A porta da escola do Monte da Estrada, no concelho de Odemira, está aberta e ouvem-se vozes no pátio do edifício centenário. Não são crianças, mas homens e mulheres que ali estão a ter aulas. Ao longo de duas semanas, a Portugal Filmschool, criada pelo holandês Ton van der Lee há dois anos, acolhe oito alunos que vão aprender a produzir, a usar uma câmara, gravar o som, fazer a montagem e a realizar. O objectivo final é fazer um documentário com cerca de cinco a dez minutos que será mostrado no último dia.

O público é o local, as gentes das vilas e aldeias próximas, alguns serão protagonistas desses documentários, outros serão só curiosos, revela o realizador Ton van der Lee, no fresco pátio da escola, durante o intervalo do primeiro dia de aulas, no início da semana passada. Os alunos espalham-se pelo espaço, há quem aproveite para conversar deitados em camas de rede. O ex-jornalista conta pelos dedos as diferentes nacionalidades dos alunos que vêm da Europa e de África.

A ideia, explica, é dar aos aspirantes a realizadores a oportunidade de fazerem um documentário curto, numa formação de duas semanas, em que, no final desta semana, serão uma “equipa de filmagens de apenas uma pessoa”, já que vão aprender todas as tarefas necessárias para fazer um filme — da produção à realização. “Todos têm o seu dream project [projecto de sonho]”, diz num português correcto.

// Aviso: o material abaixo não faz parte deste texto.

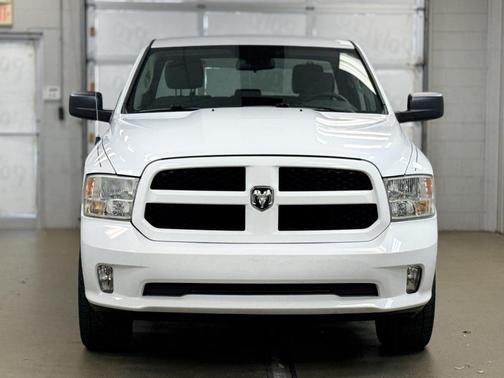 2015 RAM 1500 Tradesman/Express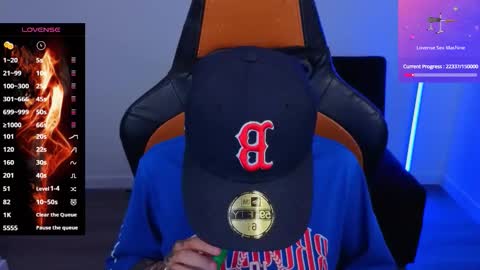 Laia online show from 16, 9, 2025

E o também escritor — com vários livros publicados não só nos Países Baixos, mas também na Alemanha e no Reino Unido, entre eles uma trilogia sobre África, continente onde viveu 12 anos —, dá o exemplo de uma das alunas da edição deste ano. Trata-se de uma engenheira dinamarquesa, cujo trabalho é fazer a transição para a sustentabilidade e, no documentário que quer realizar, pretende mostrar isso mesmo. Como os filmes são feitos com protagonistas locais, Ton van der Lee escolheu um israelita que vive na região e que desenvolve fertilizantes naturais.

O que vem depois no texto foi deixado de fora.